16 January 2023
- RSIS
- Publication
- RSIS Publications
- IP23009 | China’s Loosening Covid Policy: Lessons from India and Singapore
COMMENTARY
On 7 December 2022, the National Health Commission of China released the “Notice on Further Optimising and Implementing the Prevention and Control Measures of the COVID Outbreak”. The notice marked a turning point in China’s strict zero-COVID policy as it is intended to relax the numerous regulations that had slowed the spread of the virus but, at the same time, also stifled the world’s second-largest economy and generated civil unrest.

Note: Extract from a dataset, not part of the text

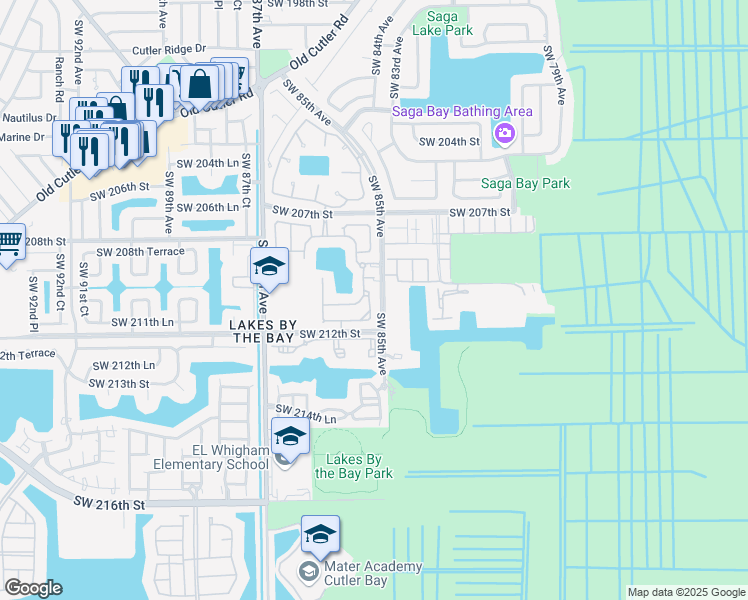map of restaurants, bars, coffee shops, grocery stores, and more near 20991 Southwest 85th Place in Cutler Bay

The implementation of the new rules introduces many challenges to the country and its people as China has little experience in dealing with the virus in nearly three years of strict control. One reassuring sign is that China can learn some lessons from other countries in managing the recent surge of COVID cases: China’s rural and countryside areas with insufficient medical supplies can look to the Indian case; on the other hand, China’s urban and first-tier cities, which have adequate healthcare facilities, may find a model in Singapore.

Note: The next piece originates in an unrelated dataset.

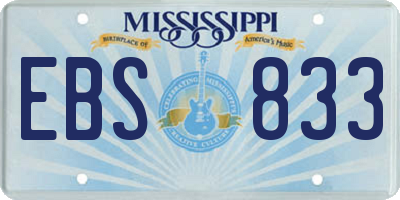 MS license plate EBS833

Lessons from India: Irony of Lockdown amid Lack of Resources
India spends a small share of its budget on healthcare. In 2019, India’s expenditure on healthcare was only US$231 per capita, while China’s was US$307 per capita. Although China’s healthcare expenditure is slightly higher than that of India, the relatively low expenditure on healthcare in both countries has left their medical infrastructures underdeveloped. The rather short-sighted way the Indian government tackled a series of COVID waves provides valuable lessons for Chinese rural areas in terms of healthcare reallocation and protection from emerging variants of the virus.
On 24 March 2020, India issued a 3-week nationwide lockdown to control the spread of the virus. The lockdown did effectively stem the rise of positive cases. Ironically, however, the success of the lockdown left the Indian government with little motivation to increase its healthcare spending. For example, India built thousands of cardboard beds at hospitals and clinics as a temporary measure. Yet, the government did not upgrade those stopgap facilities on the naïve anticipation that COVID would come to an end. As a result, India has suffered from a persistent shortage of beds. To prevent a similar crisis, Chinese rural areas should continue to train medical personnel and invest in healthcare facilities even without a major spike in the number of infections.

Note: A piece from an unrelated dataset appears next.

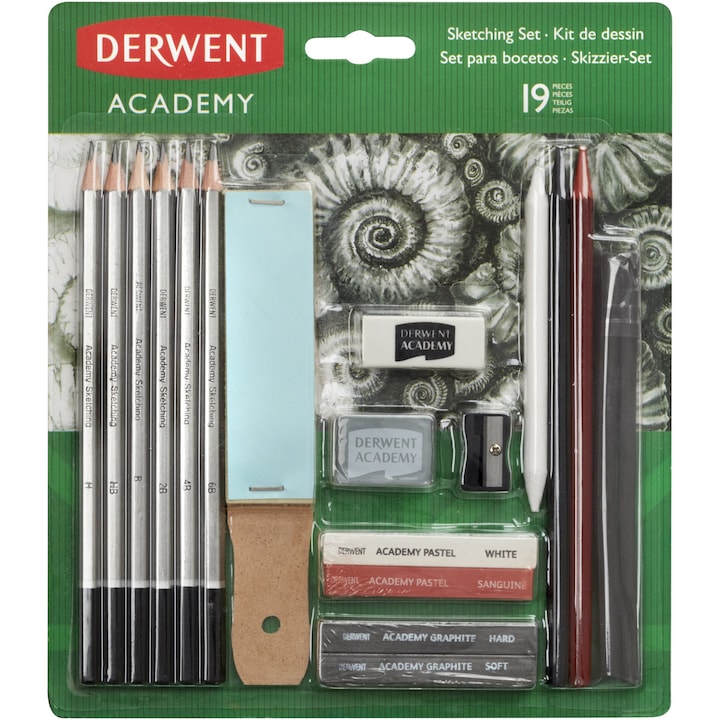 Set 6 Creioane Grafit Derwent Academy™, complet pentru schite, contine si ascutitoare, guma sters, blocuri grafit, pasteluri, bete de carbune de salcie, bloc de smirghel pentru crearea de praf si ascutire creioane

The main challenge for rural China is that it lacks the resources to invest in healthcare systems. Currently, China’s healthcare infrastructure is not allocated according to population density. For example, the intensive care unit (ICU) occupancy rate is below 10% in metropolitan cities, whereas that in rural areas is already over 50% on average. The scarcity of medical resources in rural areas may result in the collapse of the entire system. To avert such a possibility, the Chinese government should rebalance its medical capacity from relatively affluent urban regions to vulnerable rural regions before the next wave of COVID.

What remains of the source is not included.